Ivan Ivanovich Narodny (Иван Иванович Народный) (1870–1953) was a Russian émigré who came to New York City in 1906 with Maxim Gorky to raise the profile of the Revolutionary Movement in Russia.

Narodny was born in Estonia with the original name Jaan Sibbul. He was the son of Jaan Sibbul (1840–1920) and Madli Ago (1830–1919).

According to FBI files he had been imprisoned in Estonia in 1898.
In an interview in the New York Times he said he had been involved in revolutionary activity in Kronstadt during the 1905 Russian Revolution.

He was bitter that intellectuals were suppressed in Russia. About forming a Russian musical society with 4 women, including his wife, he wrote: "We were called terrorists, and a systematic agitation was started by the government's officials against our activity." After moving to the U.S.: "My Russian art and musical articles in the American periodicals were declared the dangerous efforts of an agitator."

Narodny organized a dinner in honor of Gorky on 12 April at the A Club Fifth Avenue and provided a setting for the announcement of a new committee to support the proposed Russian Revolution.
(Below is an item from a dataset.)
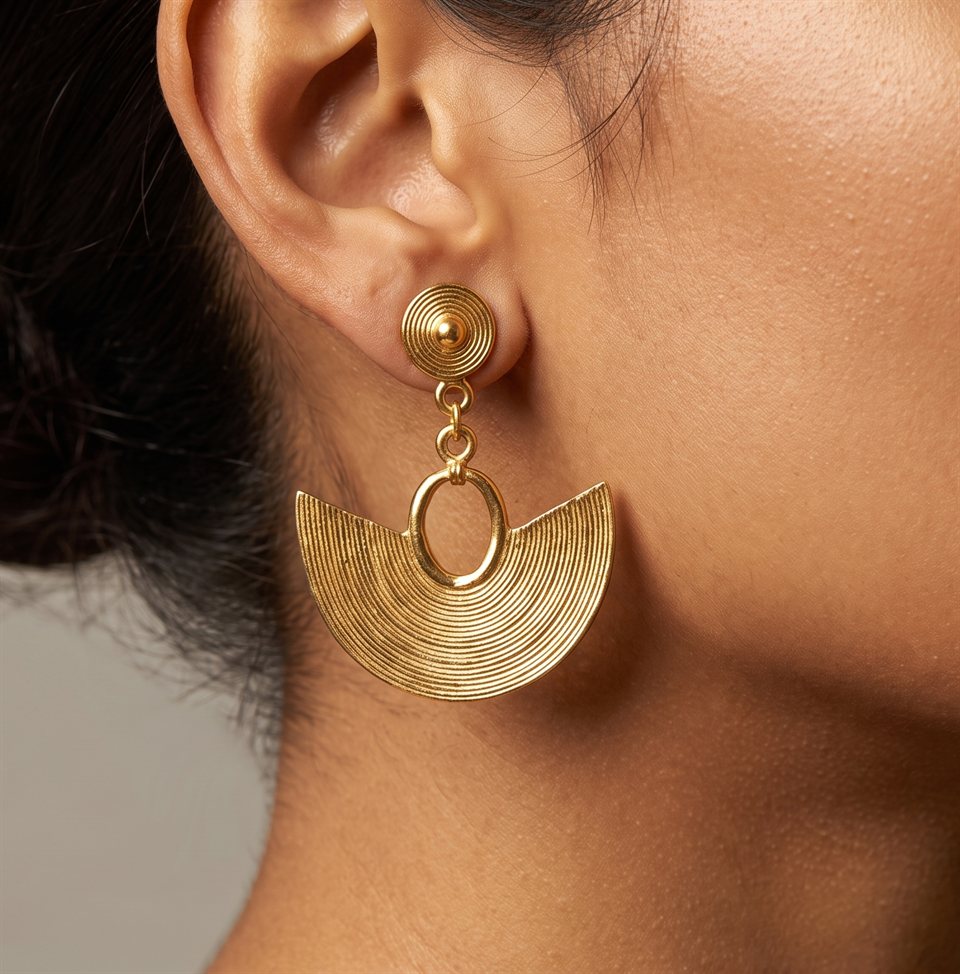 Gold smooth-filigree nariguera drop earring, worn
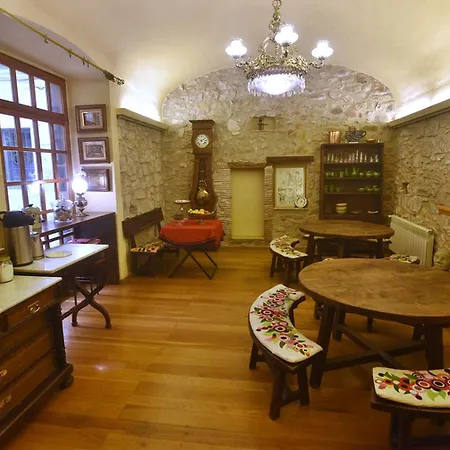 Pensio Bellmirall 2* Χιρόνα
This committee included Mark Twain, William Dean Howells, Robert J. Collier and Finley Peter Dunne.

In 1915 the Russian Imperial Government published advertisements in New York newspapers to undermine him presenting himself as a self-proclaimed "Russian Chamber of Commerce". He was involved in the arms trade selling munitions to Russia via Japan and Vladivostok.

In 1916 he had an article about Mikhail Artsybashev published in Drama.
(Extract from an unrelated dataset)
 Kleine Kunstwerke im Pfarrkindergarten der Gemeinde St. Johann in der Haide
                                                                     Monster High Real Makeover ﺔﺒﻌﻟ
He is considered to be one of the Estonian first sci-fi writers. In 1912 The San Francisco Call published his story The Artificial man, while later his two stories were published in the magazine The Pilgrims Almanach. In 1923 his play The Skygirl was staged, which depicted life in the future.

In 1917, following the February Revolution Narodny presented himself as head of the Russian-American Asiatic Corporation and announced that the Russian Duma was forming the "United States of Russia".